On se doute donc que, quand Gwenn se trouve invité par la gendarmerie à se rendre à la morgue de Pont-l’Abbé, il ne s’agisse du point de départ d’un voyage en eaux troubles. Seulement, ces eaux-là, elles viennent de lâcher le cadavre d’un noir dont Gwenn croisera la sosie peu après en la personne du sonneur noir, personnage éponyme du texte qui nous occupe. Le mystère qui entoure le noyé et les origines de son frère, Marc Saïd Le Dantec, conduira les Rosmadec à Mayotte où, à mi-chemin entre le continent africain et sa plus grande île, Madagascar, Gwenn et Soazic se retrouveront confrontés à une nature luxuriante, une Histoire sombrée dont le souvenir agite toujours les esprits, et un personnage sordide qui domine une grande partie de la société indigène par la peur et la violence.

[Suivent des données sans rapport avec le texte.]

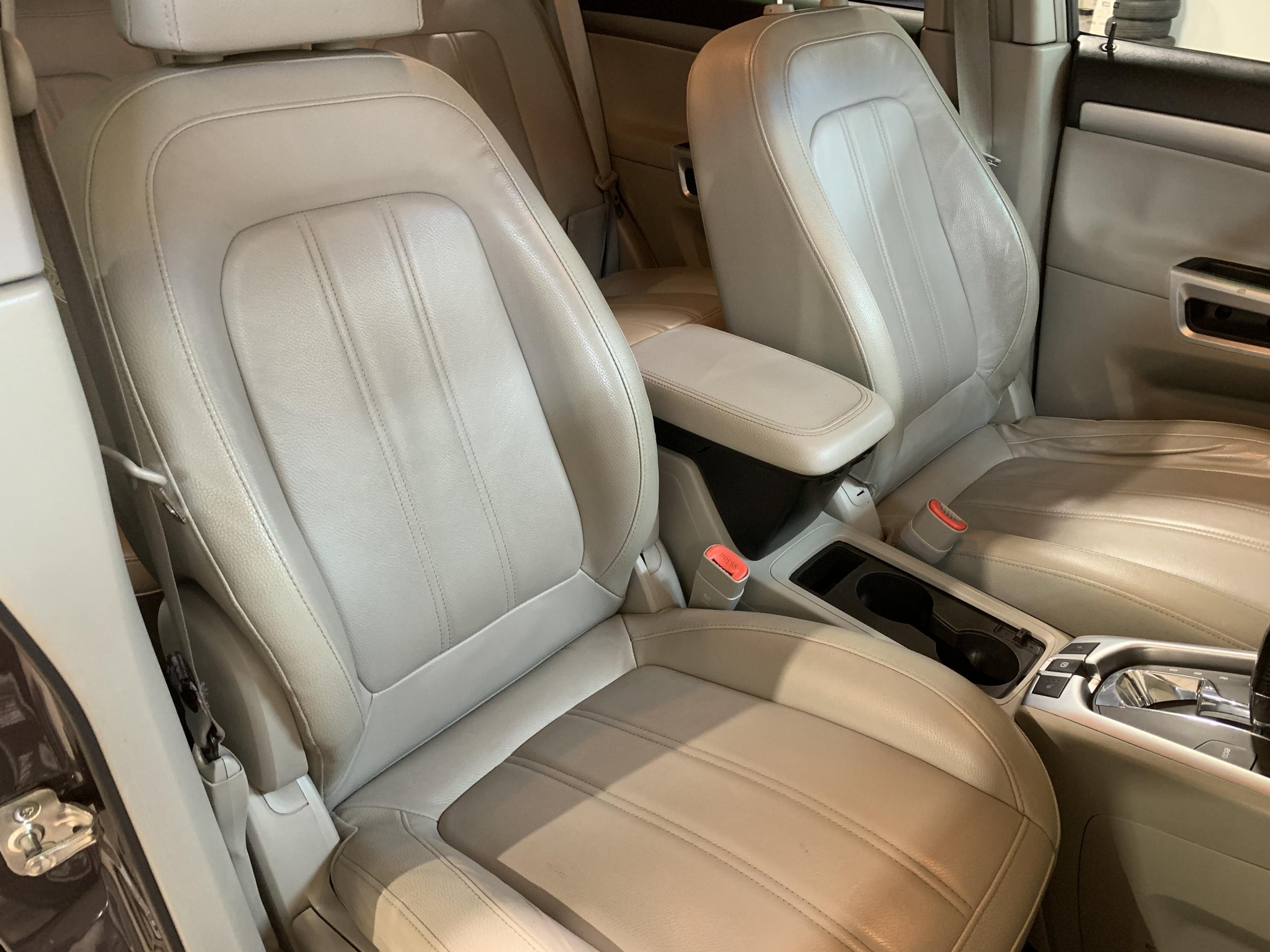 Opel Antara, 2015 - pohled č. 12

Inutile de dévoiler d’autres détails de l’intrigue, il ne reste au potentiel lecteur qu’à passer par sa librairie en ligne favorite pour se procurer le texte dans le format qui lui convient. Mais avant de vous lâcher, il convient peut-être de dire deux, trois mots à propos d’un autre conflit qui se joue sur l’île de Mayotte, et qui est en même temps au cœur de l’affaire qui a incité les Rosmadec à quitter leur petite ville côtière de Sainte Marine. Il s’agit bien de ce qu’on pourrait qualifier de choc des cultures, pour reprendre la formule mainte fois remâchée et néanmoins toujours fertile depuis plus de vingt ans de Samuel L. Huntington. D’un côté, il y a les représentants de la République, comme l’instituteur ou le Principal du collège, de l’autre les personnages funestes qui essaient de tenir les populations insulaires sous un régime d’obscurantisme religieux et linguistique pour mieux se remplir les poches. Et comme la religion dominante de Mayotte est l’Islam, on ne s’étonnera pas de retrouver dans l’aventure du sonneur noir les constellations qui font la Une des journaux depuis maintenant des années déjà. L’intrigue est bien ficelée, les descriptions sont convaincantes – dépaysantes pour les meilleures d’entre elles comme par exemple celles de l’expédition sous-marine dans le lagon – et on devine une profonde érudition derrière la plume si savamment menée, mais les personnages et les relations humaines pâtissent parfois du chiaroscuro trop prononcé. Il me semble que le conflit qu’on sent couver sur cette île entre traditions archaïques et modernité mériterait des personnages plus ambigus, voire déchirés, que ne le sont ceux que le lecteur est invité à fréquenter.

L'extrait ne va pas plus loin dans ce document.